The best thing about our compost and worm bin is that they force us to think more about our waste. My daily questions are: is this safe for the worm bin? Can this go in the compost? In our our everyday life things such as bleached white paper, towels with their chlorine content, are questionable for worm bins. It is one thing to bleach printing paper, but we don't need bleached white paper to wipe our butt or clean up spills. Deciding what does and doesn't go into the worm bin or compost forces us to be much more deliberate about what we throw away. Everything is waste or resource, and that thinking pushes us more and more toward everything being a resource as time goes on. The question becomes: how can we use this in a new way? 

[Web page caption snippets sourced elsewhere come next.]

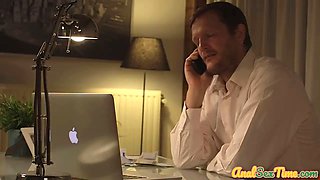 IR asstoyed babe pussyfucked in 3some FFM voyeur sex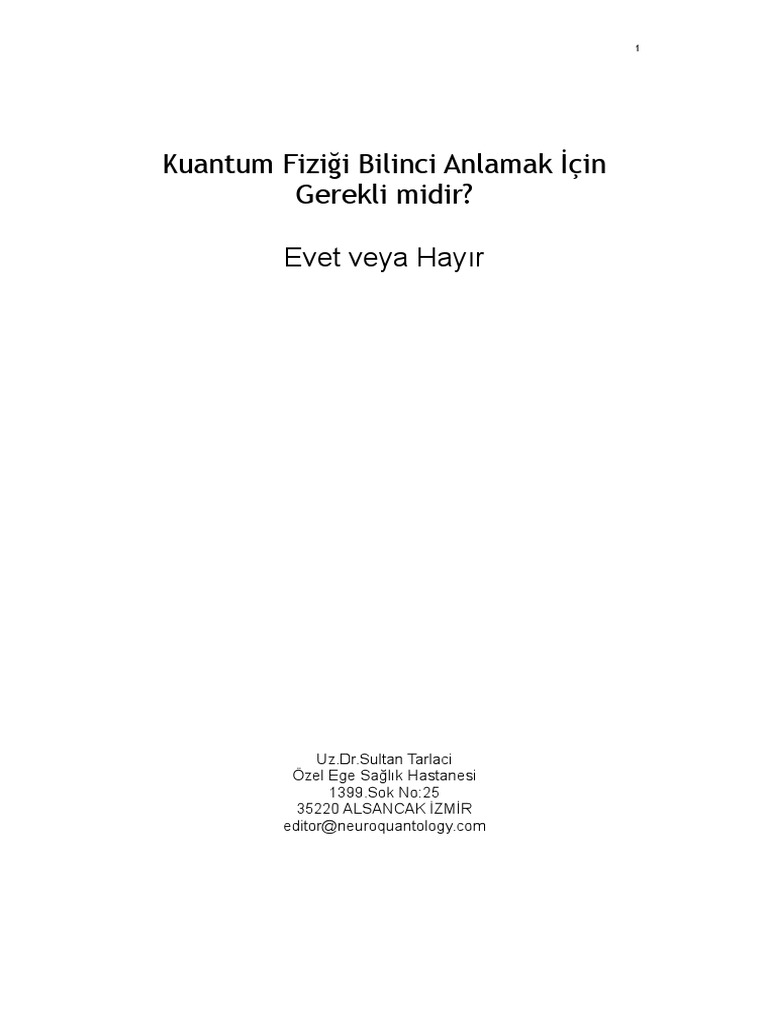 Kuantum Bilinci Anlamak Için Gerekli Midir Pdf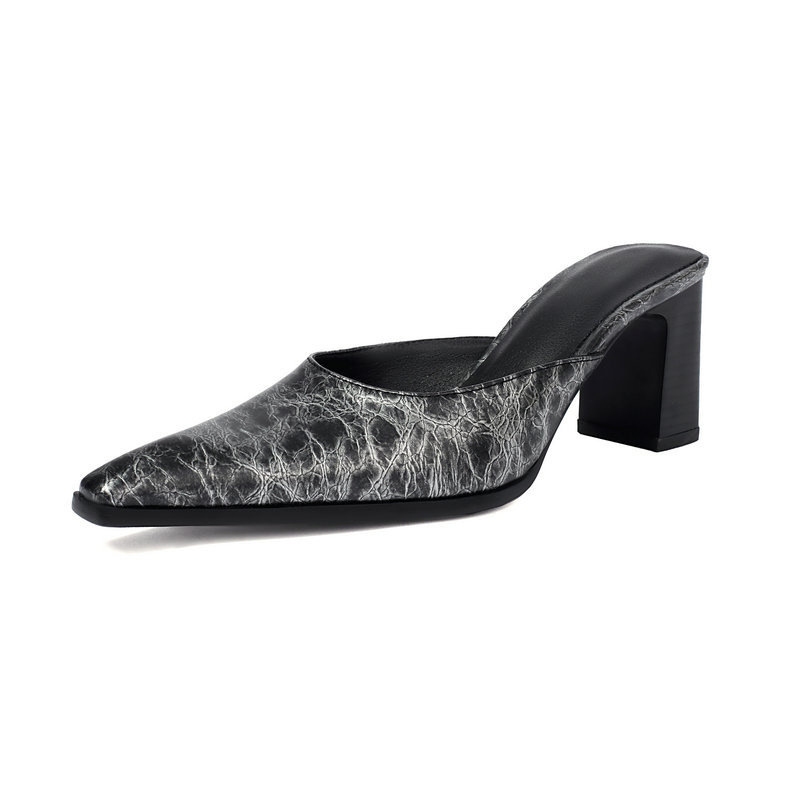 Retro British-style Square-toe High-heeled Outdoor Womens Sandals foto 4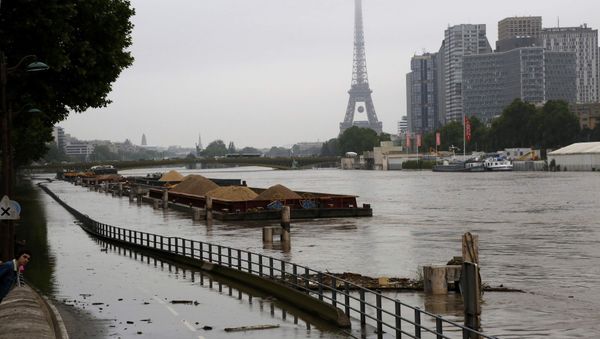 Barges are moored together near the Eiffel Tower as high waters cover the banks of the Seine River in Paris, France, after days of almost non-stop rain caused flooding in the country, June 2, 2016 - Sputnik International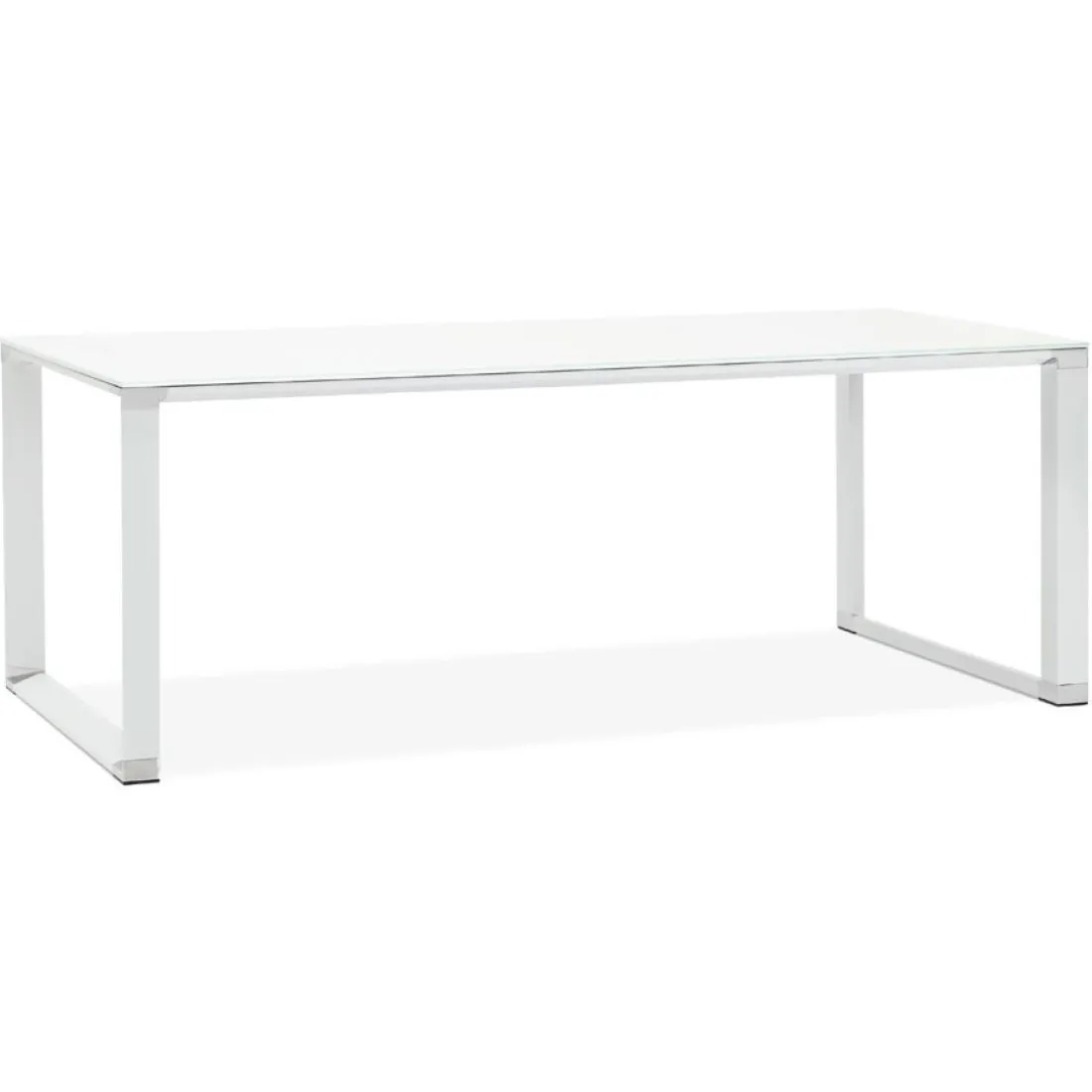 Grand bureau de direction droit 'XLINE' en verre blanc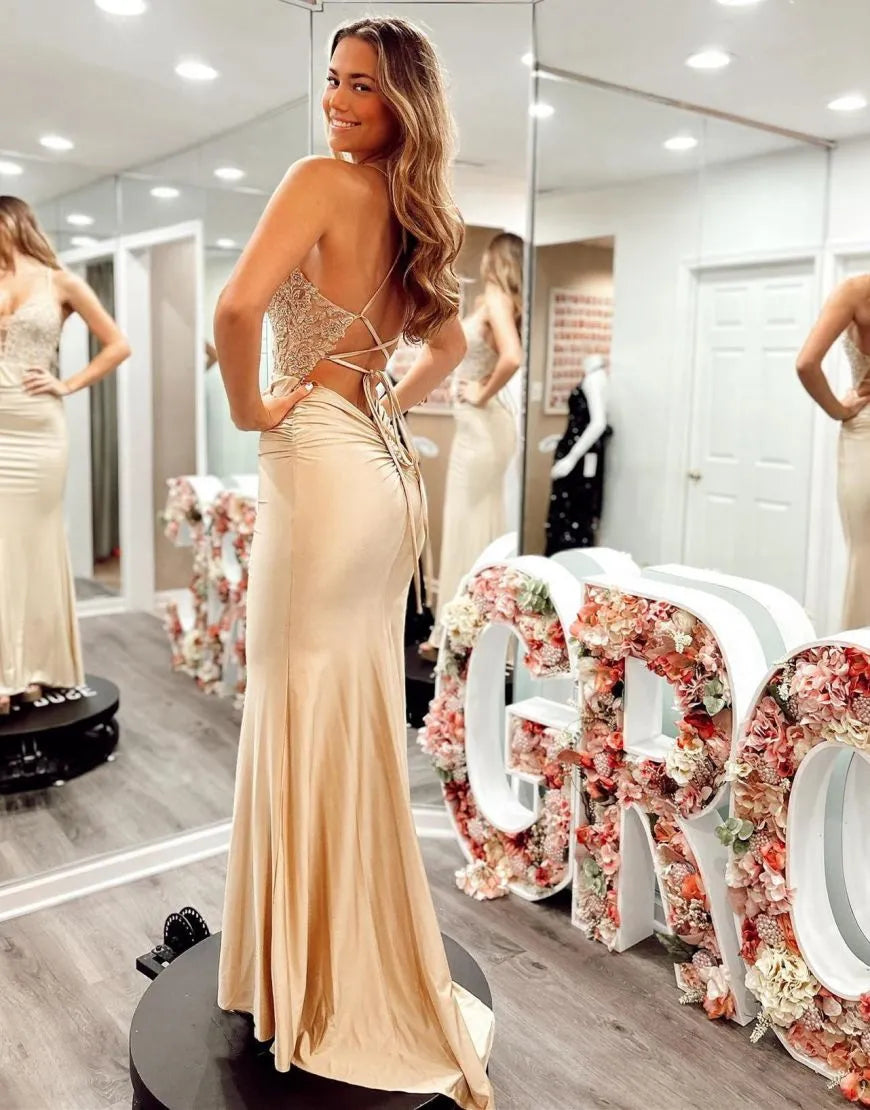 Spaghetti Straps Corset Back Long Prom Dress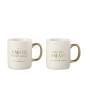 Lot de 2 mugs avec message en porcelaine blanc et or 12x8x10cm Lot de 2 mugs avec message en porcelaine blanc et or 12x8x10cm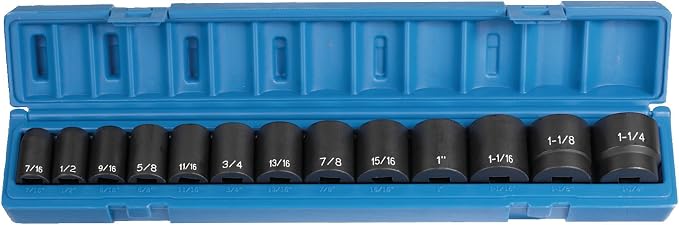 Grey Pneumatic Corp 1312 1/2'' Drive Standard Length Fractional Set - 13 Piece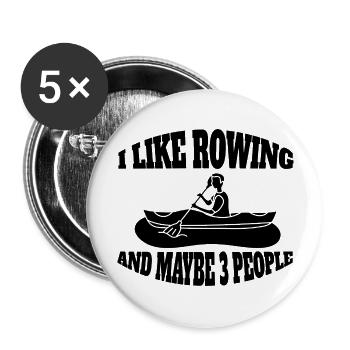 Rameur ramassant disant club d’aviron drôle aviron - Lot de 5 grands badges (56 mm) - blanc - Devant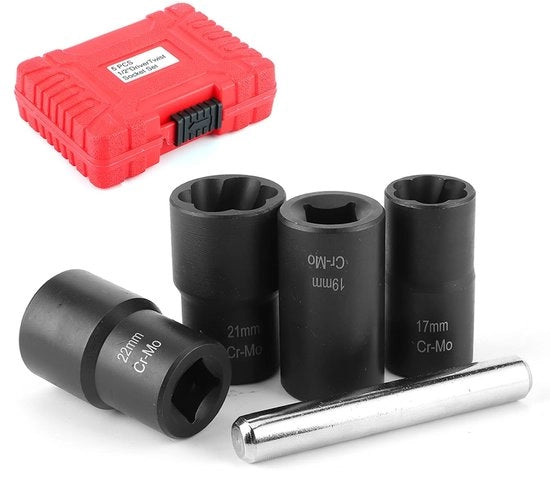 Set di Strumenti in Acciaio di Carbonio a 5 Pezzi - Contenitore di Stoccaggio - Resistente alla Ruggine - Precisie e Comfort - Strumento per Sfregare Molette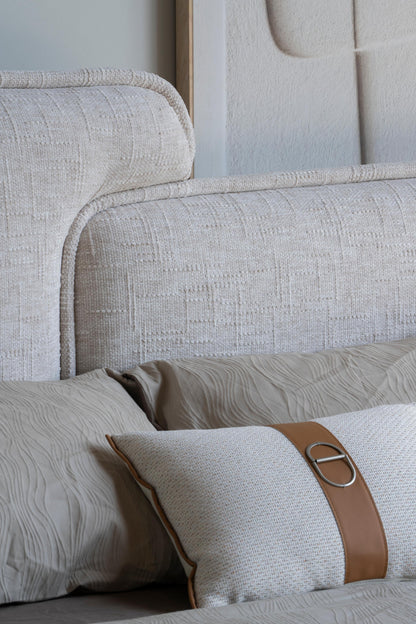 Lit avec sommier en tissu anti tâche -Mont Blanc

The next thing the two bins do is they cause us to think differently when buying food, paper or other organic items. Can we use the scrap cuttings or leftovers? Does this packaging have plastic, so it can't be composted? Like the cardboard Qdoba burrito bowl I buried in the compost pile yesterday or its paper fast food bag, I tore into strips to put in the worm bin, thinking about waste as a resource impacts what we consume at the point of purchase. Everyone should have a compost bin for that reason.


 I have always been a big admirer of those who seek to be as zero waste as possible. Those who show off their small jars full of the few items they have to throw away are to be emulated. If you live in larger urban areas that have stores that cater to package free buying it is much easier than in a rural edge of the world place like we live in. Americans, especially, are too quick to throw things away. In other countries, especially the Philippines, where I have spent considerable time, I am always amazed at the resourcefulness of people to create beautiful things out of waste products we think nothing of throwing away. I want to go back and buy one of the beautiful handbags made out of colorful sachet packets that here we have no choice but to throw away. It is that mindset in the rich, overstuffed world that we need to take on. Maybe, one day we will get there.